Ainsi, pour mobiliser les fonds nécessaires, elle a recommandé aux Etats africains d’avoir recours aux emprunts internationaux de «manière raisonnable, si cela finance des projets stimulant la productivité et améliorant les conditions de vie». Mais «les capacités d’emprunt dans la région ne sont pas illimitées», a-t-elle averti en pointant notamment du doigt l’augmentation des dettes publiques. «Il faut dire clairement que, si emprunter n’est pas un mal en soi quand cela sert le bon propos, les pays ne peuvent pas atteindre les objectifs de développement durable à coups d’emprunts».

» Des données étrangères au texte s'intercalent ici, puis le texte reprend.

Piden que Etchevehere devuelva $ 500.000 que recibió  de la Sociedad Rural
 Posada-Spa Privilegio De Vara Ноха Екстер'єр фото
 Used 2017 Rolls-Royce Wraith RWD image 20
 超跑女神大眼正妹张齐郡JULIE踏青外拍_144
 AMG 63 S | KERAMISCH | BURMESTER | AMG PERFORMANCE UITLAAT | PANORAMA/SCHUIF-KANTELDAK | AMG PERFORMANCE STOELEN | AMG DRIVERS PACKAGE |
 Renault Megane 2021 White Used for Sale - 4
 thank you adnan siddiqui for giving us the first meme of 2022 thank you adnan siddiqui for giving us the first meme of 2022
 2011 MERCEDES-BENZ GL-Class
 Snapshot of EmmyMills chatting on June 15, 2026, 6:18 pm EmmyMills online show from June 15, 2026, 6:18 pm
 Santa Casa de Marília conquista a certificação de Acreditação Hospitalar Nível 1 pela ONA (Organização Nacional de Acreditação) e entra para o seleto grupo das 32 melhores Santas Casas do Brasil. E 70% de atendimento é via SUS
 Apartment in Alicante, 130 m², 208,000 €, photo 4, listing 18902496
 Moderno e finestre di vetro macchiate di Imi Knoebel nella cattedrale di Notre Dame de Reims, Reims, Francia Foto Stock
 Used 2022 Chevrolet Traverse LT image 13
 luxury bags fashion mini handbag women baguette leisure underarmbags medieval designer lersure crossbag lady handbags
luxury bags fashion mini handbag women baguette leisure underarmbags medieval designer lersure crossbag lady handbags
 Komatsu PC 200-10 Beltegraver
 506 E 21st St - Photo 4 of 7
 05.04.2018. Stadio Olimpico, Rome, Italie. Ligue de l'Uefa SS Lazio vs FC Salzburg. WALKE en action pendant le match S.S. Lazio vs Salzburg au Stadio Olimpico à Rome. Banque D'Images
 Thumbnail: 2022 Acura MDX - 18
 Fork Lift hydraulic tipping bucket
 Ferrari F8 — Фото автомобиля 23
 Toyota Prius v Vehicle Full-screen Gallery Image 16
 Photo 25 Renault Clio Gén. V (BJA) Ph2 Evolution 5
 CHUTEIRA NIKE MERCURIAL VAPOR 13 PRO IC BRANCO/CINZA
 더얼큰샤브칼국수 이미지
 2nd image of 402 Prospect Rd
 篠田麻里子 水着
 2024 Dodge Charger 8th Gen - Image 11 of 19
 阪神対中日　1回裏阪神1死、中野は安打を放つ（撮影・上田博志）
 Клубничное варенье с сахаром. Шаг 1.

Le tacle du président sénégalais
L’appel de Kristalina Georgieva à une gestion prudente de la dette n’a pas laissé indifférent les chefs d’Etat africains présents lors de la conférence. Six d’entre eux, parmi lesquels figurait le chef d’Etat sénégalais Macky Sall, ont d’ailleurs appelé l’organisation monétaire à revoir ses analyses économiques.
Est-il juste d’appliquer à nos pays où tout est à faire les mêmes critères qu’aux pays qui ont achevé leur accumulation de capital
«Certes, notre endettement atteint 55 % de notre PIB [Produit intérieur brut], mais la moyenne mondiale est à 225 %», a déclaré le président sénégalais cité par l’hebdomadaire Jeune Afrique. «Le risque de notre dette n’est pas plus élevé que dans les autres régions du monde. Ce qui nous handicape, ce sont les préjugés qui renchérissent le taux de nos emprunts. Est-il juste d’appliquer à nos pays où tout est à faire les mêmes critères qu’aux pays qui ont achevé leur accumulation de capital ?», s’est-il interrogé.
En matière de croissance économique, la région ouest-africaine est présentée par le Fonds monétaire international (FMI) comme le bon élève du continent. Nombre de pays de la région, dont le Sénégal, affichent des taux supérieurs à 5% pour la plupart d’entre eux. Pour autant, la capacité d’entraînement de la croissance économique sur la réduction de la pauvreté et donc des inégalités sociales reste pour l’heure faible, notamment dans les régions situées en dehors des centres économiques.